Granted it was not the table-topping clashes that personified the 'Silver War' but Russell did prove far more capable of extracting the best out of the underperforming Mercedes.
But, the tide is turning.
Hamilton has beaten his team-mate in the last four races and has cut the gap to just 16 points in the Championship. With Mercedes only set to improve after the summer break, Hamilton will want to lay a marker down.
Hamilton will hope lessons are learned for 2023
2022 has been a miserable season for Mercedes. It seems a long time ago now when the team first unveiled their 'sidepod-less' W13 but since then it has become a problem child that will have no doubt given Hamilton, Toto Wolff and the entire Mercedes team many sleepless nights.
Having gone from favourites at nearly every track, Hamilton found himself battling to even finish within the points and the most excutriating part for him is the recovery has been painful and slow.
Whilst Hamilton was receiving his latest round of physiotherapy having been bumped around the track for two hours, the Mercedes team were trying to figure out just how to not only solve the porpoising issue but also maximise the potential of the car.
A double-podium finish in France suggests they are on their way but the damage has been done and Hamilton will be hopeful lessons have been learned in 2023.
In the post-race conference at the French Grand Prix, the seven-time World Champion said that he had already given his input for what he wants from the 2023 car and, considering he is entering the final year of his current contract, it could be a hugely significant one.
Another title run or time to hang up the gloves?
"We talked a few weeks ago about how long our partnership can go and the number that was discussed was five to 10 years, so we can get to 400."
Wolff may have said it with a flicker of a smile but the Mercedes boss' comments do hint that Hamilton is not planning on walking away anytime soon.
Flash back to late last year and there were questions as to whether we had seen the last of Hamilton on the F1 grid. He had just seen his eighth world title, rightly or wrongly, taken away from him and Wolff said the pair of them were feeling "disillusioned" with the sport.

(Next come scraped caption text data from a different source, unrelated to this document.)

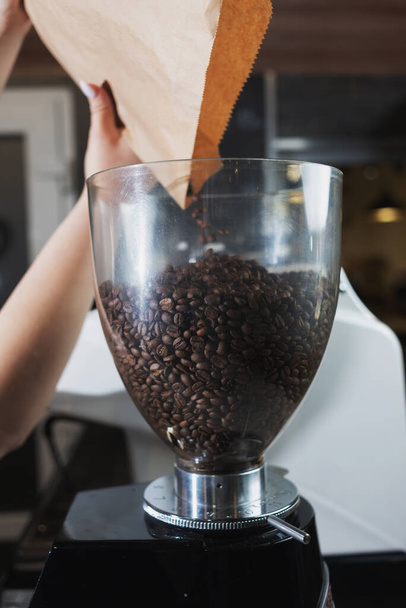 close-up of a baristas hand pouring coffee beans into the grinding tank of a coffee grinder. Professional machine for grinding coffee beans. - Fotografie, Obrázek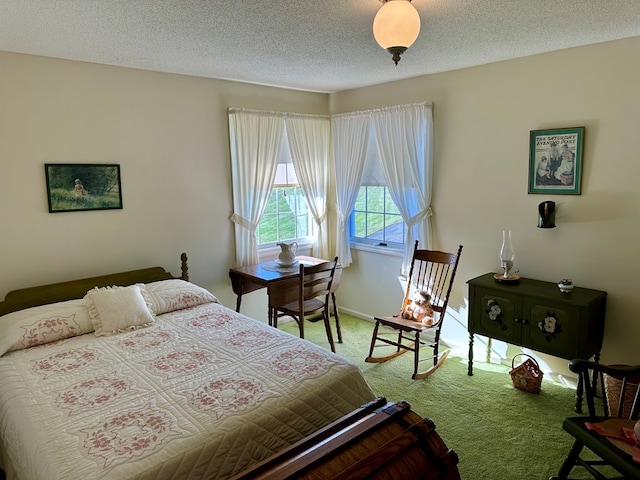 carpeted bedroom with a textured ceiling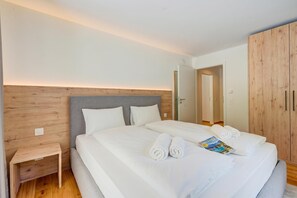 A hotel room with a large bed, a wooden headboard, a bedside table, and a wardrobe. - Residenza Castanea 109 San Bernardino Alpine Apartments, San Bernardino, Switzerland (San Bernardino)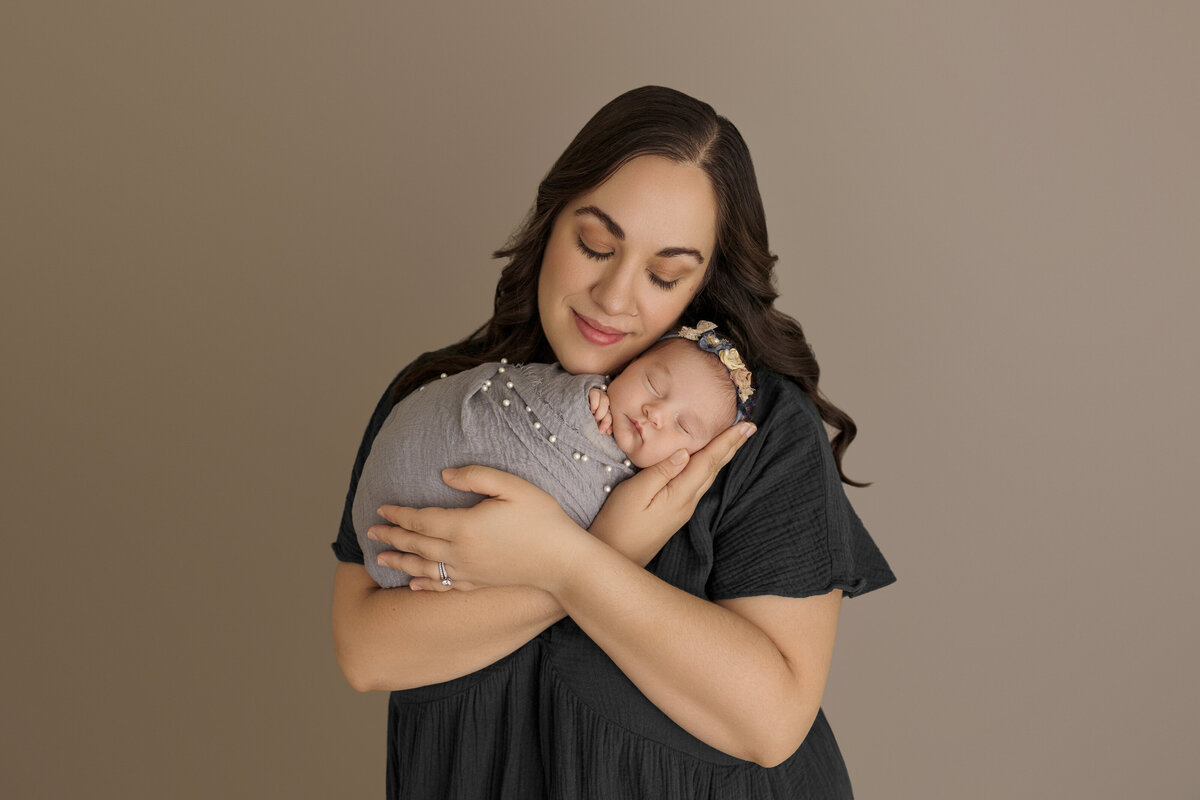 Mother lovingly holding her sleeping newborn baby wrapped in a grey blanket, standing against a neutral beige background.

Hamilton disappeared from social media, later saying he needed to disconnect from F1, but did return to the grid for his 16th season. With this campaign a write-off in terms of achieving that record-breaking title win, the question of Hamilton's long-term future is an intriguing one.
The most logical option seems for him to stay at Mercedes. The performances of Hamilton have hardly declined and if the 40-year-old Alonso is still able to do it, there's no reason why the 37-year-old does not have a few years left in him at least.
From Mercedes' point of view, it also makes sense. Unlike Alpine with Oscar Piastri, there is not a stand-out star waiting to take Hamilton's seat and the seven-time World Champion can continue to pass his knowledge down to Russell, a man Mercedes hope is their future.
Also on a commercial side, Hamilton remains the biggest name in the sport by far and attracts way more coverage than the likes of a driver like Pierre Gasly would.
But given his place in the sport, the decision will rest with Hamilton and he may even be open to a switch of teams. In the past he has spoken of his love for Ferrari and could fancy a homecoming to McLaren (even if both options currently look unlikely).
The final option would be to retire, safe in the knowledge that his many records look set to stand for at least a decade, if not longer.
Considering his increased work with F1 and the FIA in terms of promoting equality, it would be no surprise to see him take on an ambassadorial role in the sport or perhaps even go for a presidential run somewhere down the line.
Alternatively, he could just leave the sport entirely. As he has been racing since he was a boy in a go-kart, it makes sense he would want to explore what else is out there and appears to be the driver with the most on his plate when it comes to activities he enjoys away from the track.
Only time will tell what the future holds for Hamilton but whatever he does choose, there can be no doubt of the impact he has made on the sport.